1. How to prevent accidents upstairs (get him to let us know we need to take him downstairs to go outside to potty), because he won't go down the stairs--we have to carry him down.

2. How to prevent him from chewing on something he shouldn't when he's outside (through the doggy door) and we are not. We have caught him with pebbles in his mouth (and he has swallowed some). And he will eat his poop, so if he poops outside without our knowledge, then he could eat it too.

Did we introduce the doggy door too soon? How do we get him to let us know he needs to go potty when he's upstairs?

Thanks!


----------



## davetgabby (Dec 29, 2007)

part of the problem with doggie doors is that they are only good once you have trained him to go outside reliably. I have some articles to deal with chewing and stairs but they are a little long for here. Email me privately at [email protected]


----------



## Scooter's Family (May 23, 2008)

I wouldn't let him go outside alone at all, he's too small and can get into lots of trouble on his own. As long as you're out there with him you can praise him when he does potty outside.

Invest in LOTS of chew toys!  Whenever he wants to chew try to make sure he has something available that he's allowed to chew on and he'll get the idea. 

The first few months with a puppy are wonderful, and quite exhausting!


----------



## HavaneseSoon (Nov 4, 2008)

Patience....patience..........

Chewing.....(Teething)....Have chew toys available and play with these toys with your pup. Praise him for chewing on the chewable toys when playing alone. Distract the little pups when chewing on something forbidden and give them chewable toys or flossies.

As for poop eating: My new pup has already found rabbit poop! Yum! Yum! I am teaching "Leave it," then distracting and go on to something else........Mmmmmmmmmmm....maybe they will find something else just as good....like the cat poop over there!

Exercise and run your pup! *A tired pup is a good pup! * Maybe the extra chewing will stop...

Welcome to the forum. Oh!

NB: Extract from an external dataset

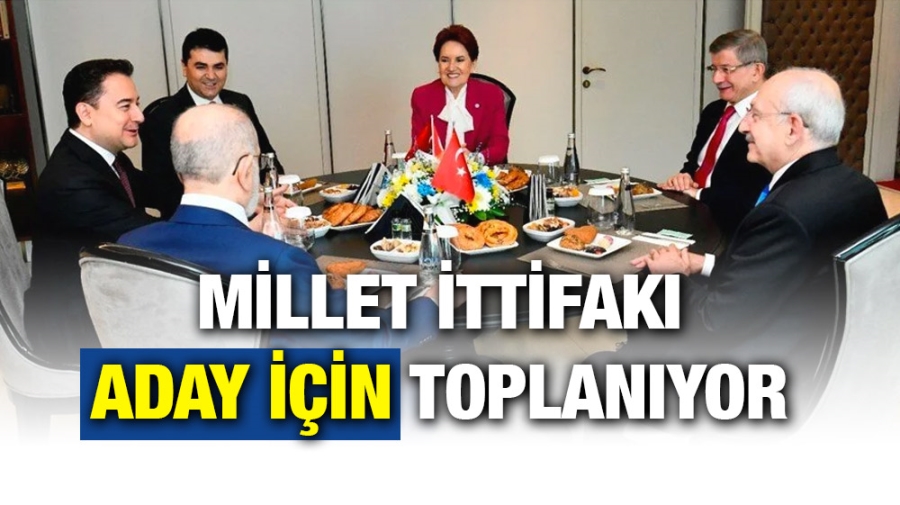 Millet İttifakı aday için toplanıyor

We need more pictures of your pup in order to answer more questions. :biggrin1:


----------



## havadash (Feb 21, 2010)

Thanks for all the responses and warm welcome. It sounds like we need to monitor Dash's use of the doggy door more and provide him with more chew toys.


----------



## TurboMom (Jan 12, 2010)

i'm no help, sorry...our pup is 4 months today  
i was wondering what kind of doggy door you guys got? we want to get one as well.


----------



## TurboMom (Jan 12, 2010)

and WELCOME to the forum!


----------



## good buddy (Feb 20, 2007)

For inside you can provide more acceptable chewables but there are also nasy sprays to stop chewing on furniture legs or other inappropriate items. It sounds like he's teething and will want extra things to chew on. Since he is pee pad trained, I would offer the pee pad upstairs. He's very young to expect him to make it downstairs when he has to go. 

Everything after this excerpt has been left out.